Western Animation / Davey and Goliath


Art Clokey, the creator of Gumby, produced this syndicated Religious Edutainment series in the early 1960s for one of the predecessors of the Evangelical Lutheran Church in America. It centered on a young boy named Davey Hansen and his talking dog, Goliath. When Goliath speaks, only Davey can hear him. More information: http://www.daveyandgoliath.org/

The Simpsons episodes "Bart the Lover", "Simpsons Bible Stories", "HOMR" and "Ned 'n' Edna's Blend" all include mocking references to Davey and Goliath. [adult swim]'s Moral Orel started as a direct parody (at least, that's what popular belief will tell you)note .

This series provides examples of:

  • Animated Series: Animated in a similar style to Gumby.
  • As the Good Book Says...: Being a Christian show, of course this trope appears in a few episodes, most notably "The Doghouse Dreamhouse" where Davey puts a Bible verse above the entrance of Goliath's Doghouse, and "To The Rescue" where they read Bible verses about teamwork, the episode's Aesop, during Chapel at Church Camp.
  • Blind Black Guy: An episode involving Jonathan's cousin, who was temporarily blind after an operation.
  • The Bully: The title character in "Bully Up a Tree" harasses Davey until he winds up, well, caught in a tree. He is disarmed and learns his lesson when Davey shows kindness and rescues him.
  • Catch-Phrase: Goliath often worriedly remarks, "I don't know, Davey..."
  • Character Celebrity Endorsement: Davey and Goliath appeared in a Mountain Dew ad in the early 2000s. The ELCA used the profits from the ad to make Davey and Goliath's Snowboard Christmas.
  • Claymation: Ala Gumby which is fitting considering they share a producer.
  • Fantastic Racism: In one episode, Goliath dislikes another neighborhood dog because the other dog has spots. Eventually he learns the Aesop that color doesn't matter and what counts is the heart on the inside. (This parallels a storyline in which Davey confronts racial prejudice with his friend Scottie.)
  • Four-Fingered Hands: Featured on the human characters due to the Claymation.

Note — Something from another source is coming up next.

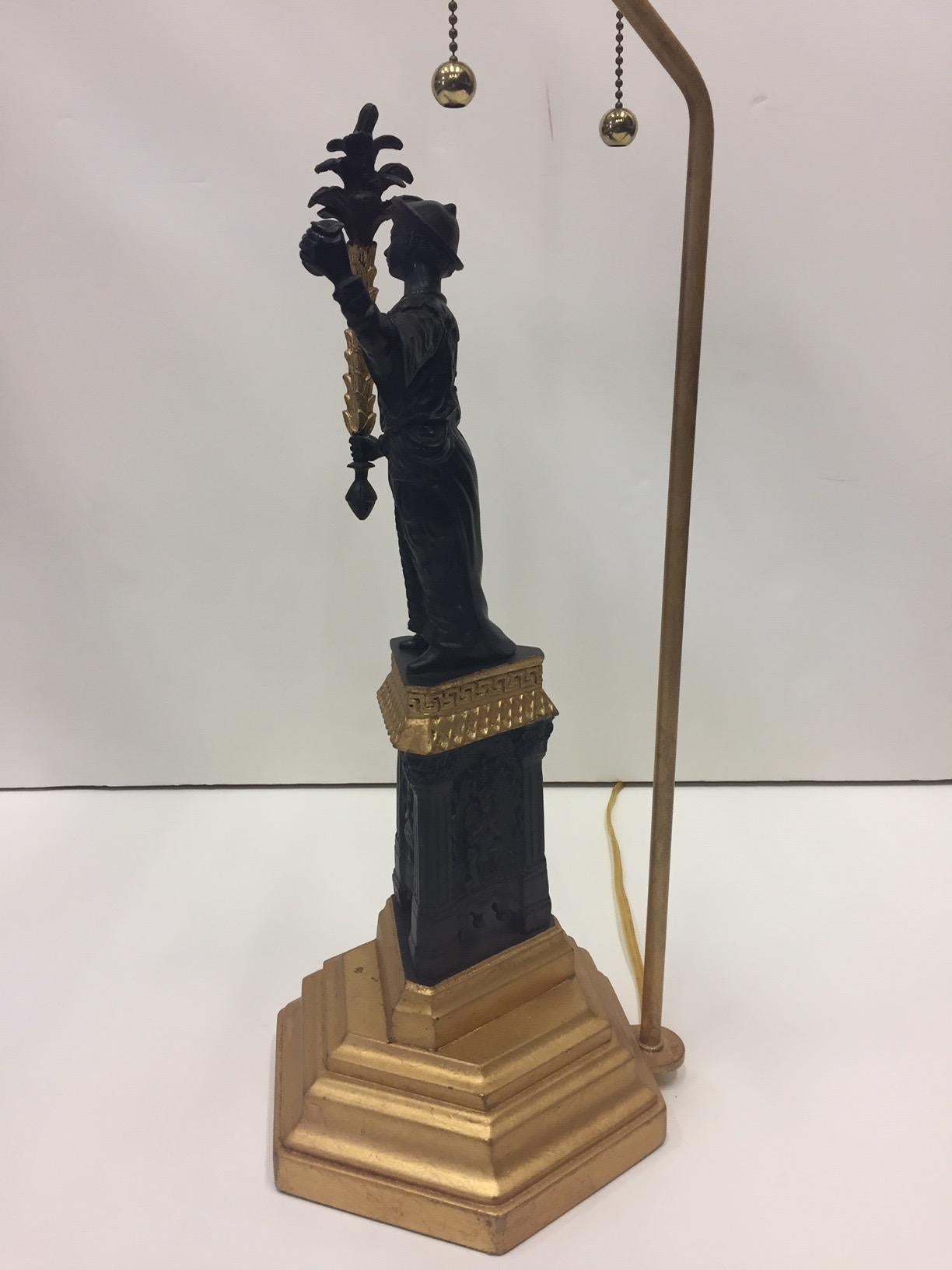 Giltwood Fancy Pair of Frederick Cooper Patinated and Gilt Bronze Figural Table Lamps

  • Jesus Taboo: Although the series was produced by the Lutheran Church, the characters rarely mentioned specific religious terms, to ensure the show had a broad appeal.note 
  • Karmic Twist Ending: In one episode, Jimmy rushes past an injured girl in order to collect a "Good Neighbor" balloon at a festival. Davey stops to help the girl and as a result doesn't receive his balloon. The episode concludes with Jimmy boasting that he's a good neighbor since he has the balloon to prove it— and to his dismay the balloon pops right in his face.
  • Real Song Theme Tune: "A Mighty Fortress is Our God", a hymn written by Martin Luther in the 16th century.

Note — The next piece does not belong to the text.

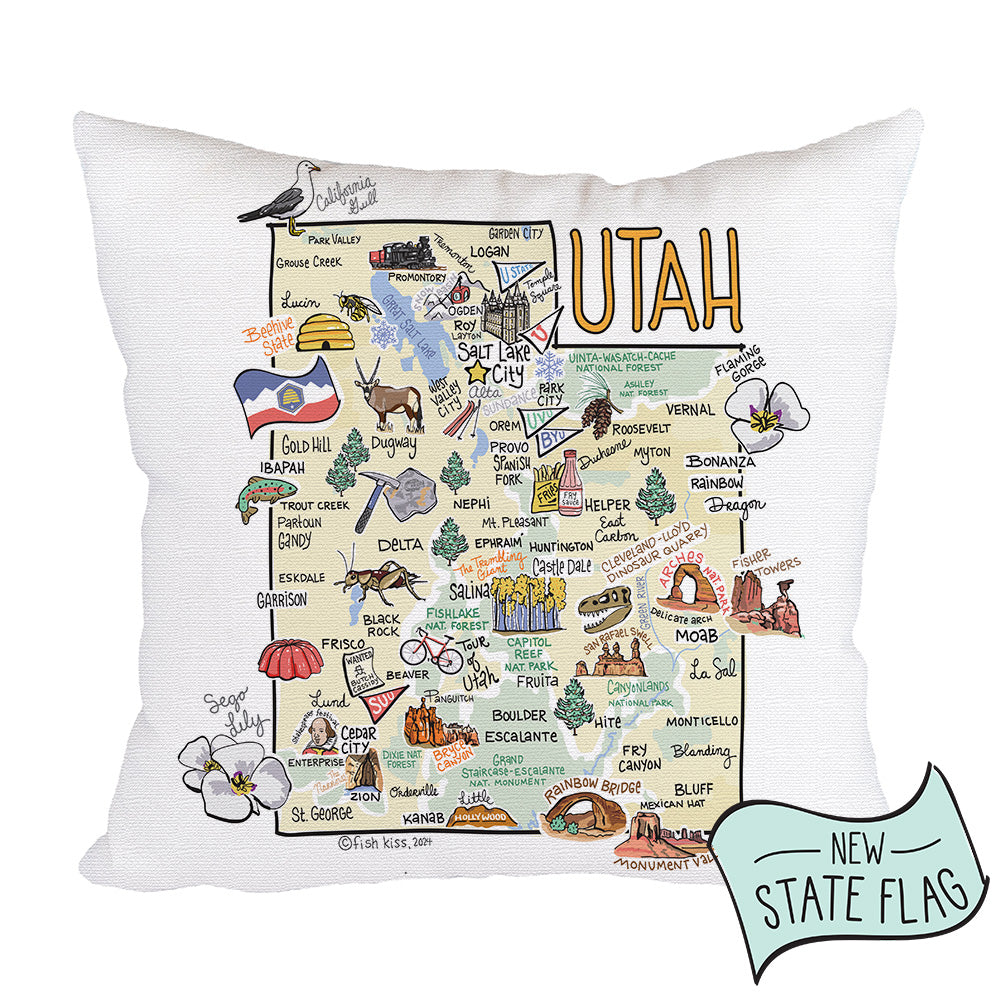 Utah Map Pillow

  • Talking Animal: Goliath though he is only heard by Davey.
  • Token Minority: Jonathan Reed is black and one of the earliest examples of this trope on TV.

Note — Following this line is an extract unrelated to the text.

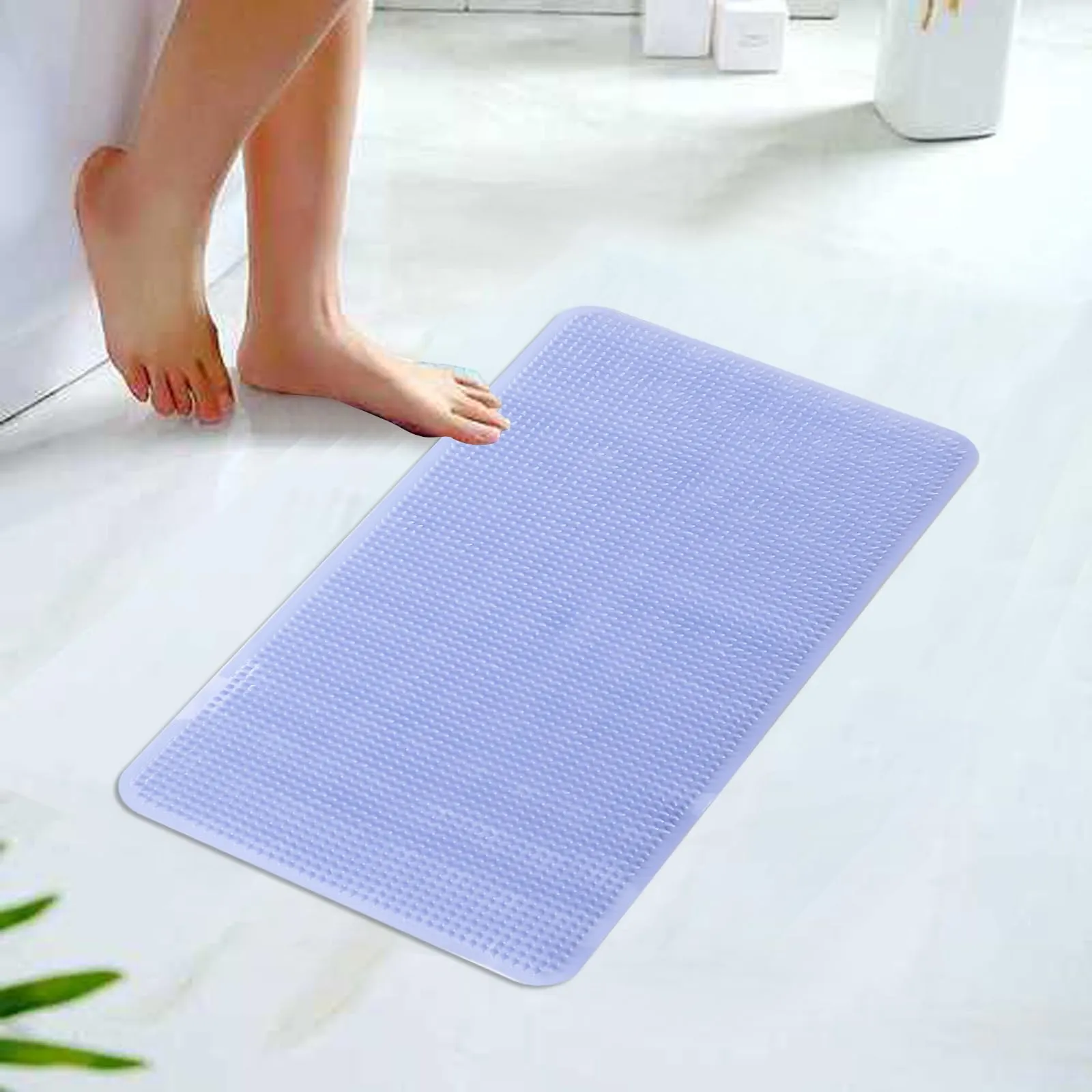 UMAI X SAVYA Home Diatom Mud Bathroom Floor Mat PVC/Non-Slip & Soft/Light Weight Mat for Living Room, Anti Skid Mat for Bathroom Floor/Shower Mat/Multipurpose Mat (Grey) (Blue)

  • Totally Radical: Davey and Goliath's Snowboard Christmas, a special produced by the ELCA in 2004.
  • Wham Episode: The Easter special episode, where Davey's grandmother dies.
  • What the Hell, Hero?: In a later episode, Goliath pulls a child out of the way of an oncoming ambulance and, when the child points at his ear in explanation, Davey angrily retorts, "You bet you oughta shoot yourself, for being so dumb!" Once Davey learns that the boy is in fact deaf, he feels appropriately remorseful for his words. But still, geez, Davey.